**INSTRUCTIONS FOR THE TASK:** Where an entry holds an image, skip the image but reproduce the rest word for word.

**Data entries:**

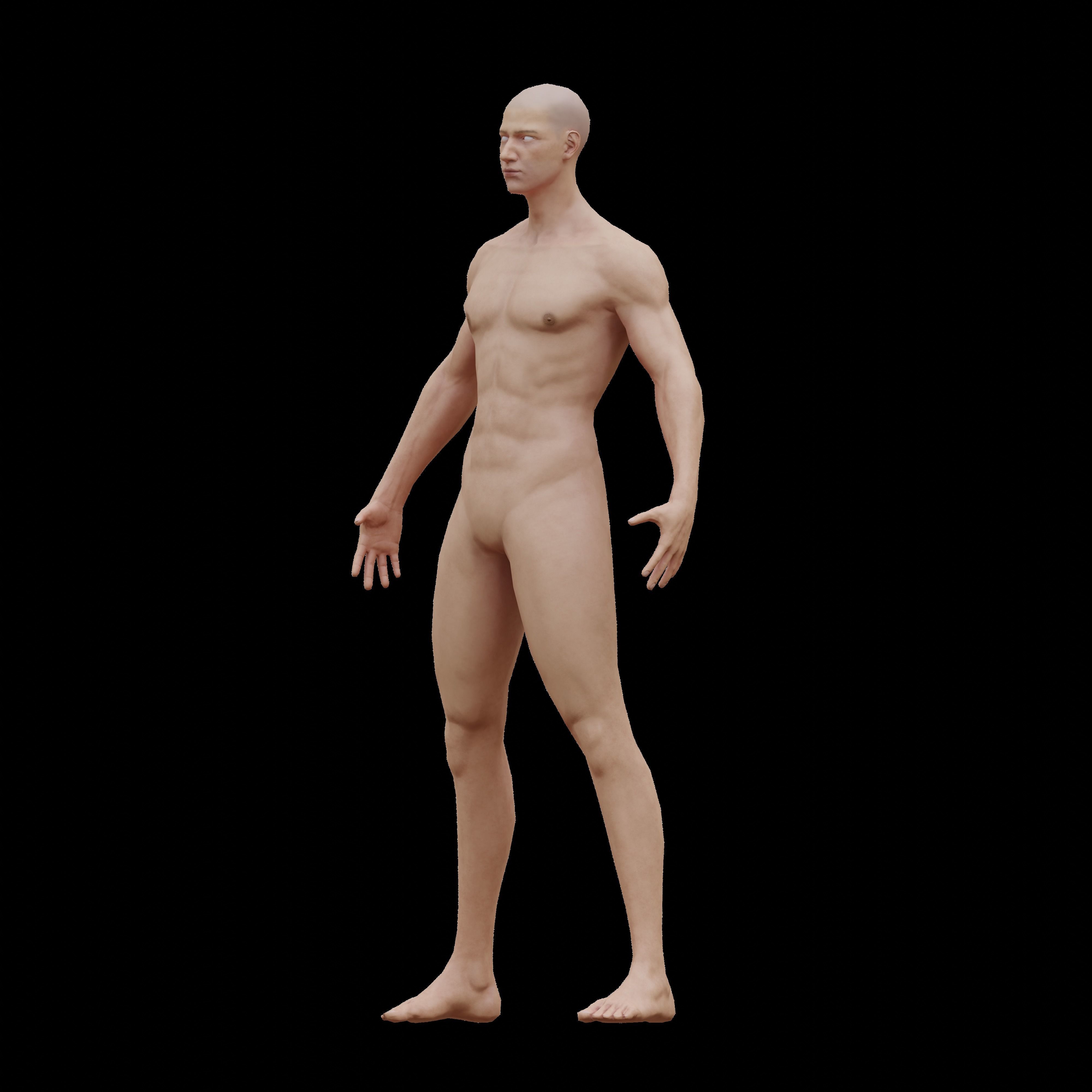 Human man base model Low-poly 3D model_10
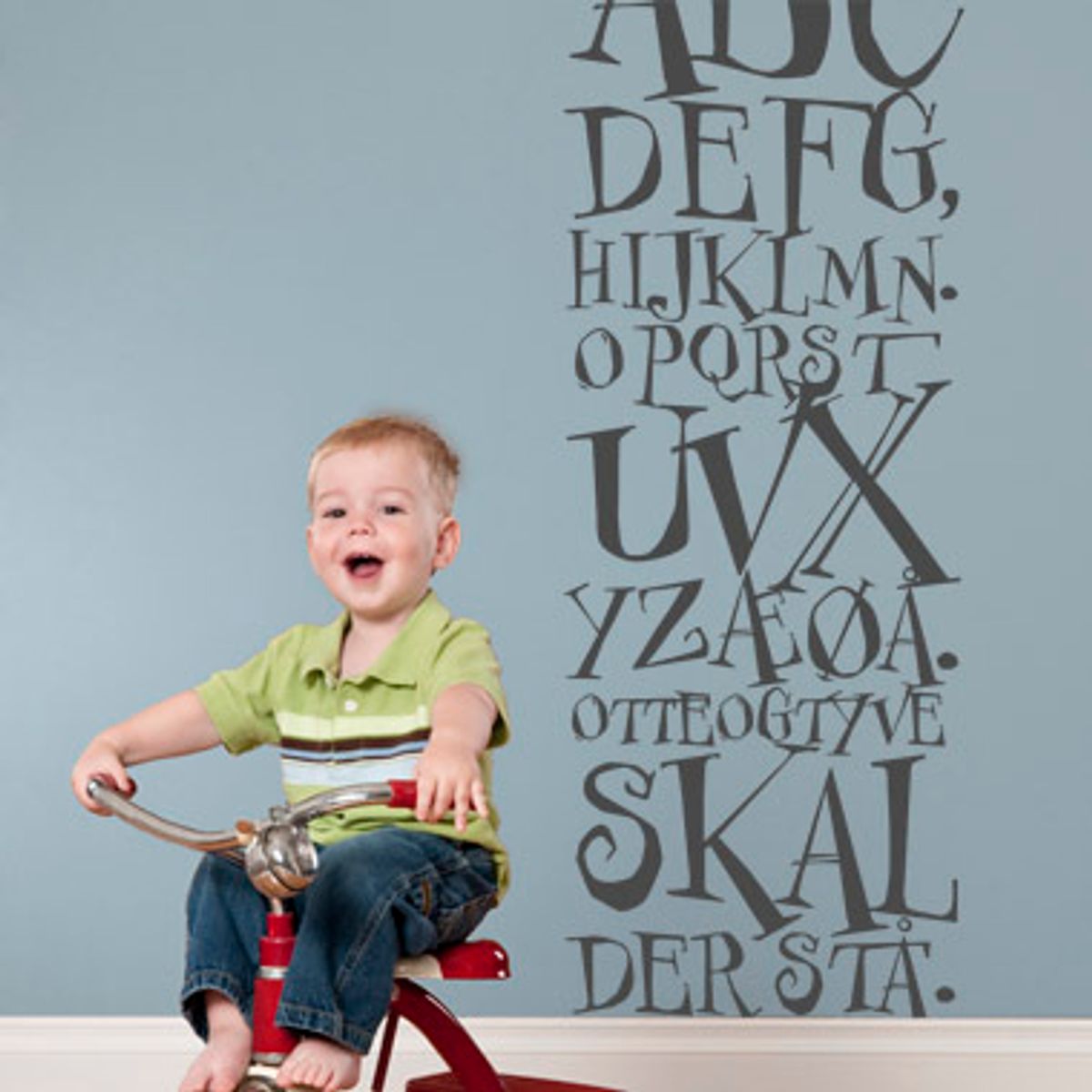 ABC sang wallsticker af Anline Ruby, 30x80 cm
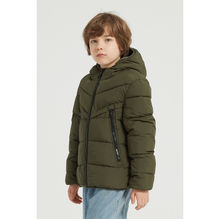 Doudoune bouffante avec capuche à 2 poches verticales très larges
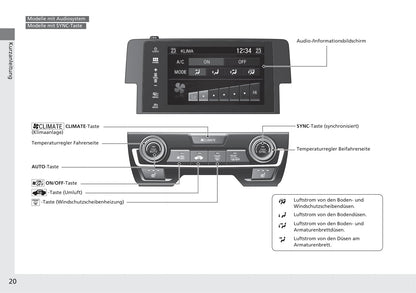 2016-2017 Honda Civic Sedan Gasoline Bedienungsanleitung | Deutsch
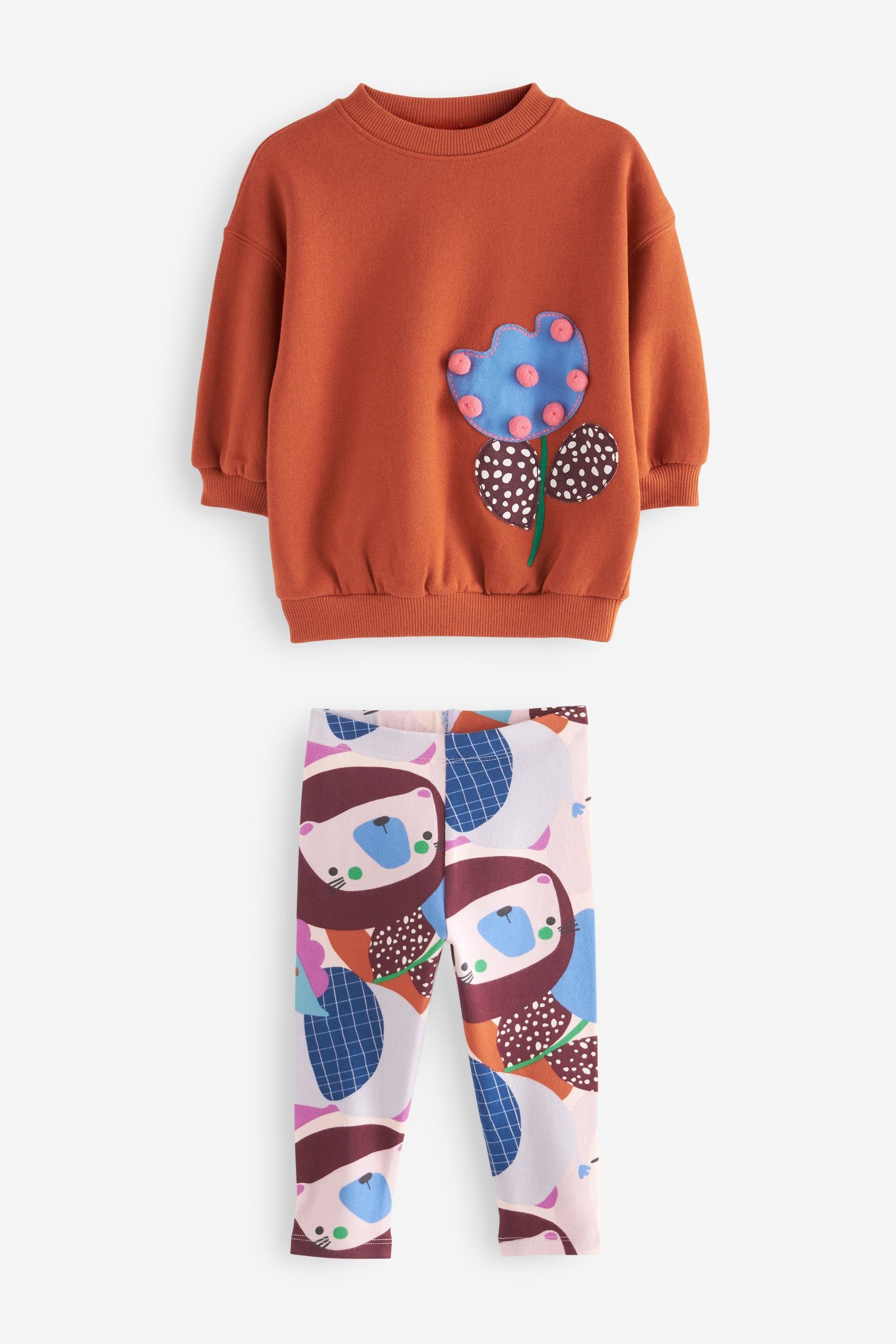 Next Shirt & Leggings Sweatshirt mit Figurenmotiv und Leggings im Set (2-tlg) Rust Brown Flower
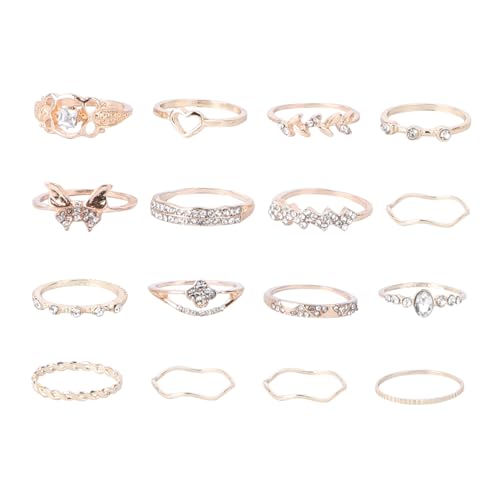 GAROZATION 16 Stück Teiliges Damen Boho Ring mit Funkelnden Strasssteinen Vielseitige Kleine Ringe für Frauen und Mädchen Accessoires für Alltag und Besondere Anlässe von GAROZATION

**TASK OUTPUT:**
 Human man base model Low-poly 3D model_10
 ABC sang wallsticker af Anline Ruby, 30x80 cm
 Doudoune bouffante avec capuche à 2 poches verticales très larges
 2016-2017 Honda Civic Sedan Gasoline Bedienungsanleitung | Deutsch
 Next Shirt & Leggings Sweatshirt mit Figurenmotiv und Leggings im Set (2-tlg) Rust Brown Flower
 GAROZATION 16 Stück Teiliges Damen Boho Ring mit Funkelnden Strasssteinen Vielseitige Kleine Ringe für Frauen und Mädchen Accessoires für Alltag und Besondere Anlässe von GAROZATION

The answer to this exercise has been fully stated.